Melanin is a complex pigment that provides colour and photoprotection to the skin, hair and eyes of mammals. Melanogenesis is the process through which melanocytes synthesise melanin and can be altered by decreasing the production of the pigment such as in the case of vitiligo.

Melanogenesis can be regulated by genetic, environmental (ultraviolet [UV] radiation) and endocrine factors. Knowledge of the pigmentation process is important for designing tanning products to treat hypopigmentation disorders such as vitiligo.[1]

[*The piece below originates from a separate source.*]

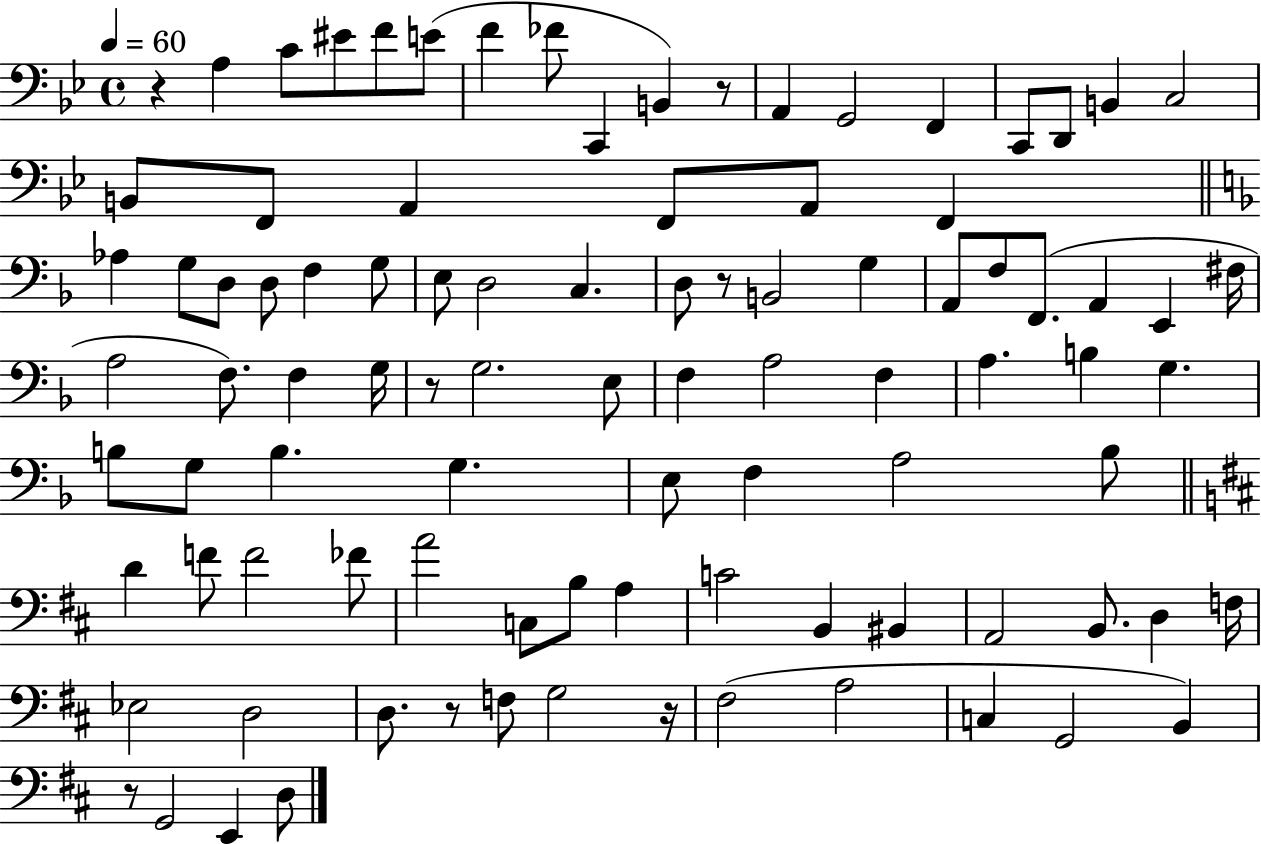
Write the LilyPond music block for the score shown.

Vitiligo is an autoimmune acquired chronic skin disorder that is characterised by white macules resulting from the damage and loss of melanocytes. Although many disorders induce hypopigmentation, vitiligo is the most frequent cause of depigmentation worldwide affecting about 1% in the population.[1],[2] Vitiligo can be segmental, non-segmental or mixed. Segmental vitiligo presents one or more areas of depigmented skin usually only on one side of the body such as on the face, neck, trunks, arms or legs during childhood and usually stabilises in a few years. Non-segmental vitiligo is a chronic and progressive loss of melanin with well-defined white patches in the middle of normally pigmented skin, increasing in size over time and located on the hands, underarms, eyelids, ears, knees and ankles and whose progression is unpredictable. Vitiligo is usually associated with different autoimmune disorders such as thyroid diseases, diabetes mellitus, lupus, inflammatory bowel disease, psoriasis and atopic dermatitis among others.[3] Other authors have observed also metabolic comorbidities[4] and psychological and psychiatric disorders.[5]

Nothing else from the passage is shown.